Eight years before the nightmare of Ockhi befell the southern coast, fishermen and their families were battered by another cyclone — Phyan. | All photos - Prabhakar Tamilarasu

C Gilbert, 57, can still feel the sting of the wind whipping his face, the angry sea leaping up to swallow his brother C Josebath. The fisherman from Tamil Nadu’s Kanyakumari district lost his brother to Cyclone Ockhi that struck the country’s southern coast two years ago in November, killing more than 250 people and ripping apart several homes and hearts.

Gilbert, Josebath and another fisherman Shallo, all residents of Chinnathurai village, had ventured out into the sea at 2 am on the fateful day. A few kilometres into the waters, the three men were ambushed by violent winds and rains. They were not new to such conditions, but that day was different. “It was abnormally windy and raining,” recalls Gilbert, who survived the cyclone.

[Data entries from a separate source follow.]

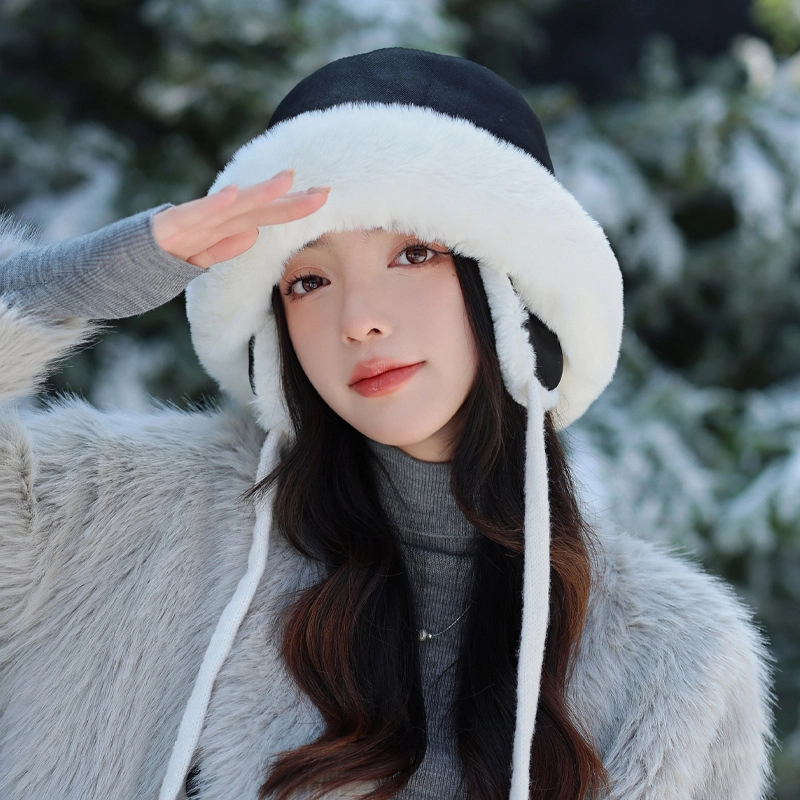 祎步康 韩版保暖防风毛绒护耳显脸小加厚 聚酯纤维 雷锋帽 女款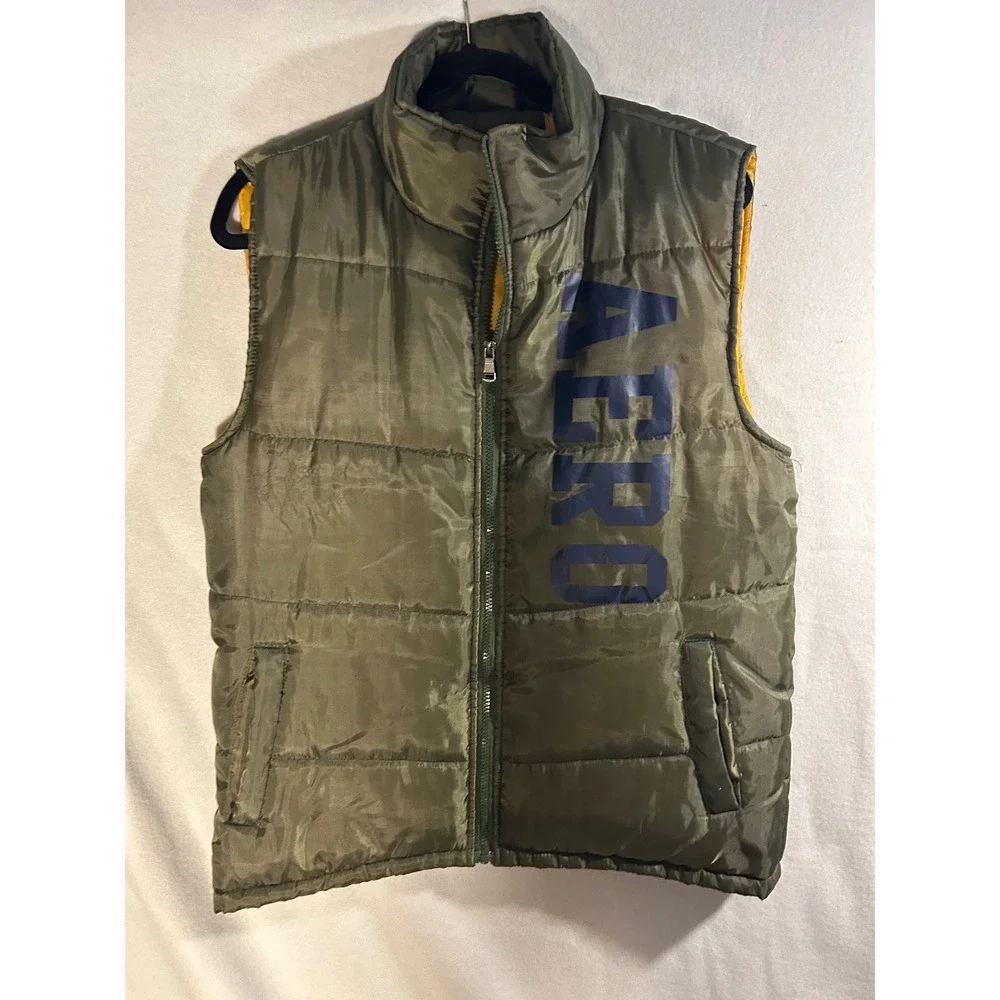Aeropostale Mens Small Puffer Vest Olive Green AERO Logo Full Zip Y2K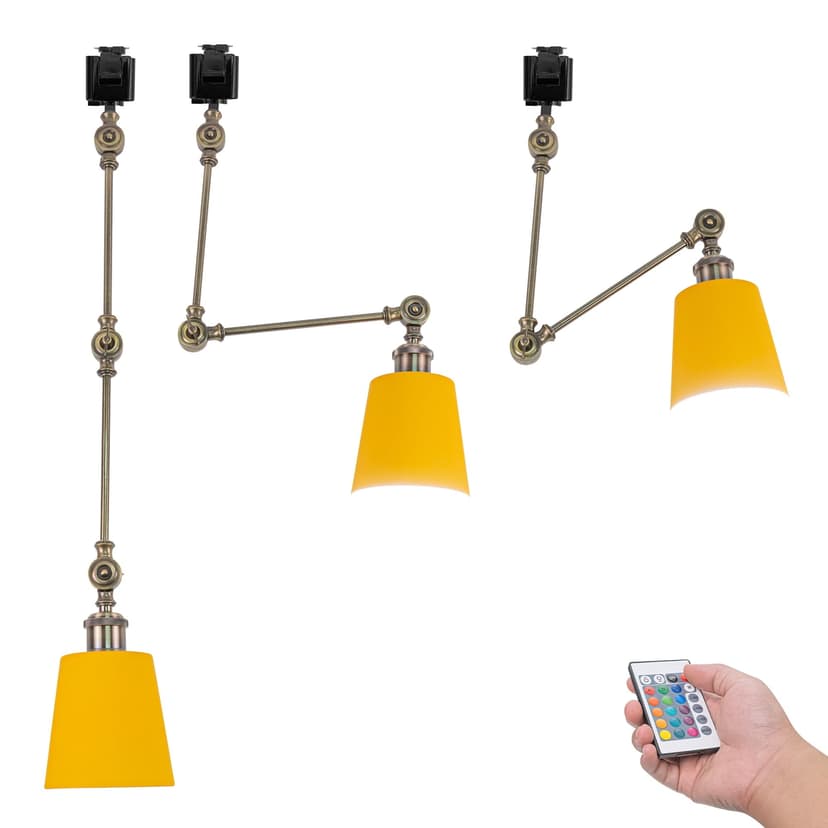 FSLiving J Type Gimbaled Track Lighting, Adjustable Island Light by Remote, Color Changing RGBW A19 Smart Bulb DIY Ceiling Spotlight Juno Track Mounted for Beam Sloped Ceiling,Disco Macaron Yellow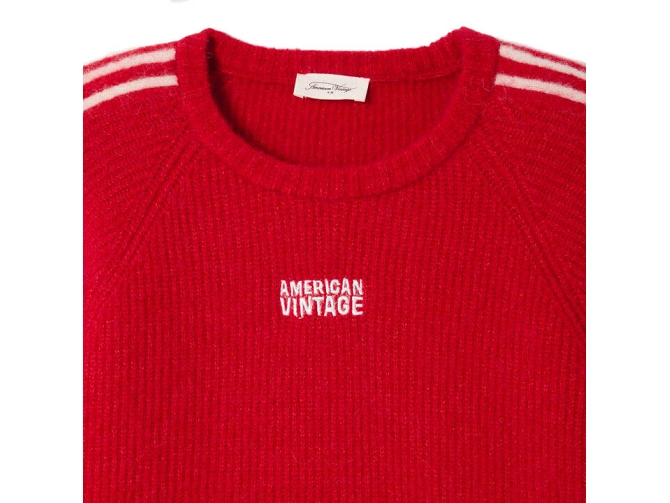 pull - MANCHE LONGUE - vetement femme - Coton - Rouge - American vintage5917801_2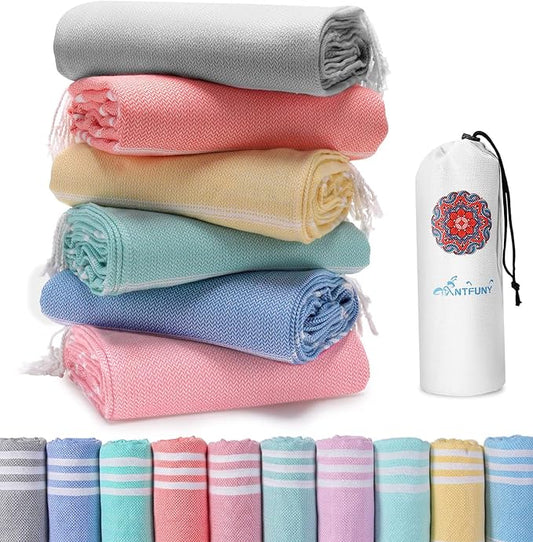 6 Packs Turkish Beach Towels Vacation Essentials Quick Dry Sand Free Soft Large XL Big Blanket Adult Oversized Bath Pool Swim Towel Set Bulk Multipack Lightweight Thin Sandless Fast Drying Compact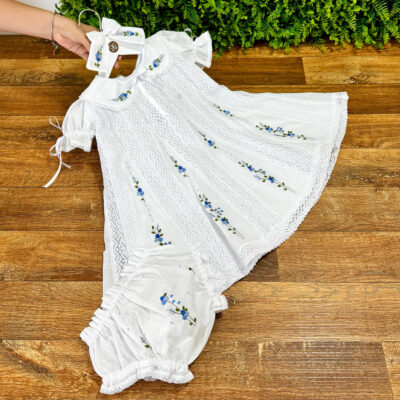 Vestido Renda Paraibana Bordado Rococó Azul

“We thought the storm would calm down, but within hours our boat capsized. The three of us somehow managed to stay afloat by holding on to a raft. After sometime when the storm subsided a bit, we started swimming towards the shores.”

However, after swimming for nearly 36 hours, Josebath lost hope and started showing signs of giving up. “He let go of my hand and drowned. I couldn’t do anything,” Gilbert says, recalling the painful look on his brother’s face. Gilbert and Shallo were lucky enough to find a foreign vessel in the sea and reached Kozhikode in Kerala, from where they finally came home.

It’s been two years since the incident but Gilbert often wonders if it would have been better if he too had drowned along with his brother that day.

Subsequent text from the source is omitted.